ASSIGNMENT
Write out the data below in full, unchanged, minus the images.

SOURCE MATERIAL
=== Begin Enclosure ===
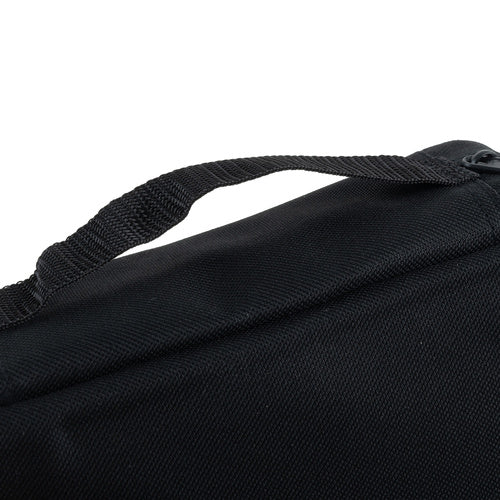 Set Za Crtanje 120 Boja s Perivom Torbicom 21 x 22 x 8 cm Crni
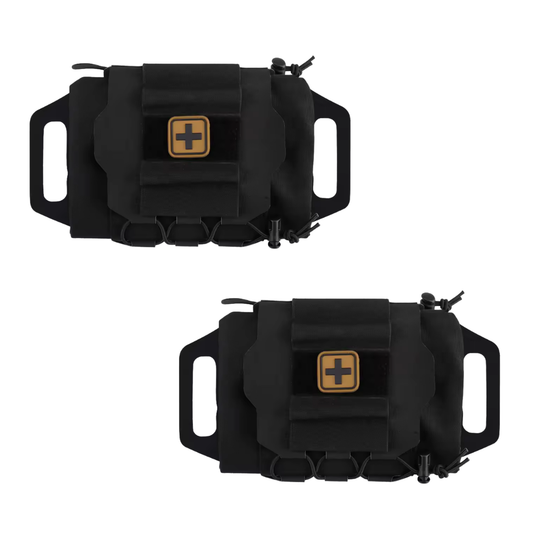 2x Tactical Military First-aid Kit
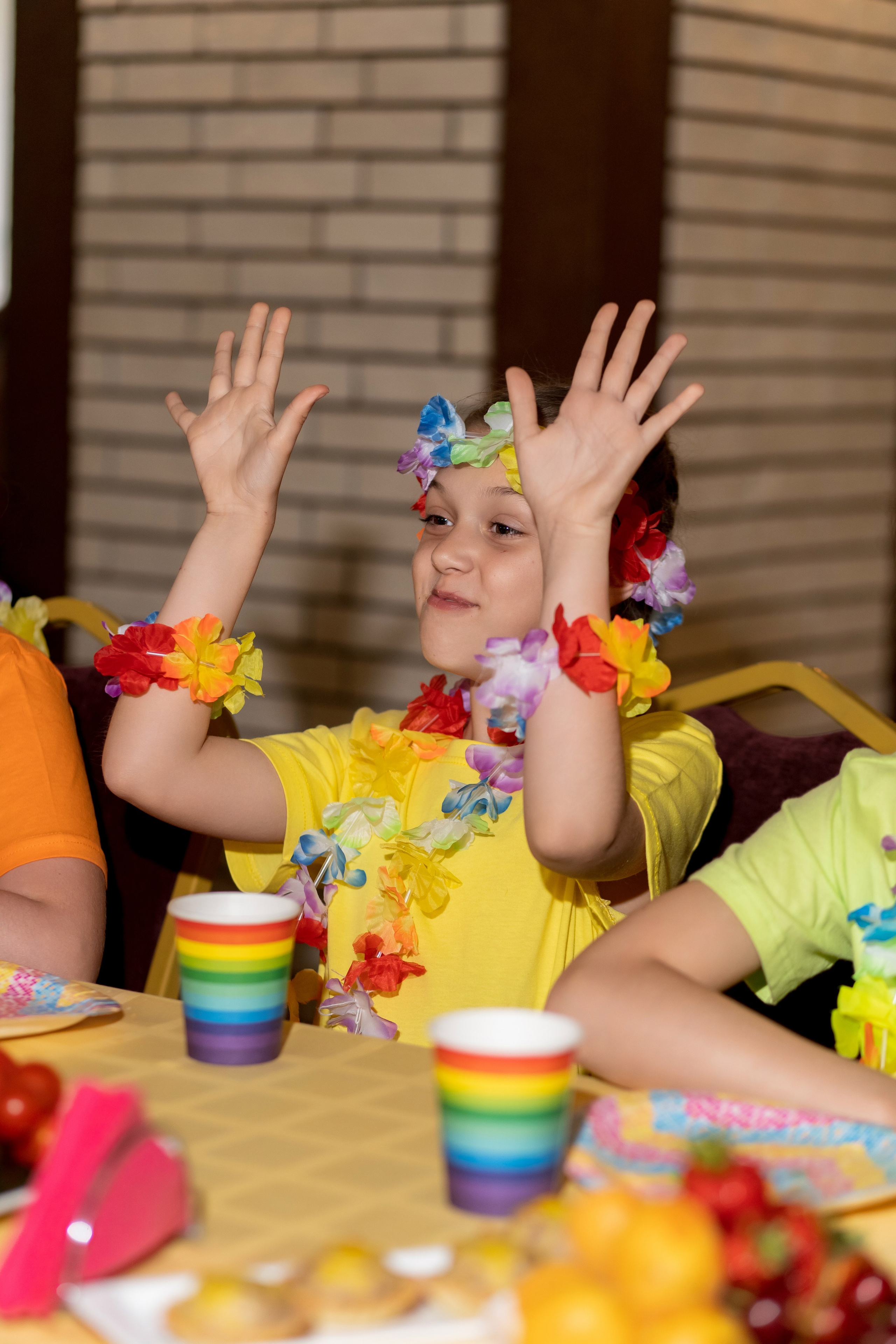 Банкетный комплекс Времена года. Виктория Кинкладзе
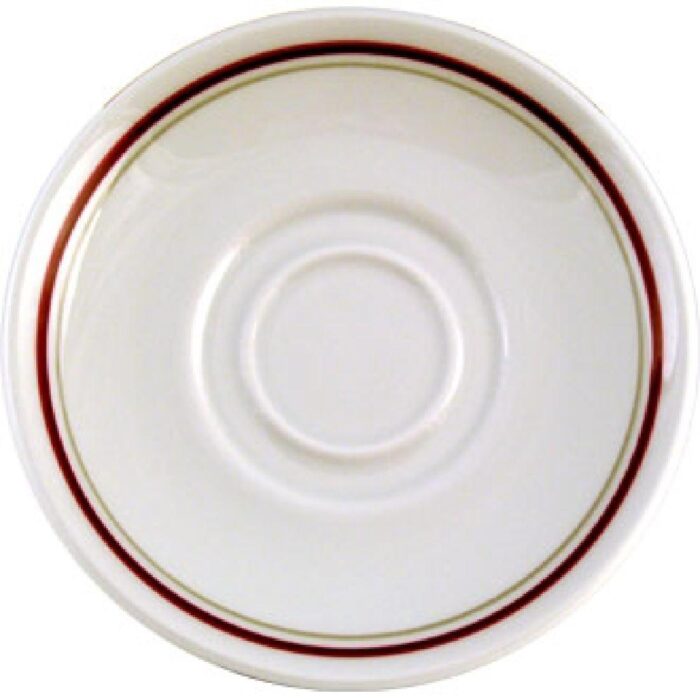 Churchill Clyde Saucers Maple 127mm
=== End Enclosure ===
EXERCISE ANSWER
 Set Za Crtanje 120 Boja s Perivom Torbicom 21 x 22 x 8 cm Crni
 2x Tactical Military First-aid Kit
 Банкетный комплекс Времена года. Виктория Кинкладзе
 Churchill Clyde Saucers Maple 127mm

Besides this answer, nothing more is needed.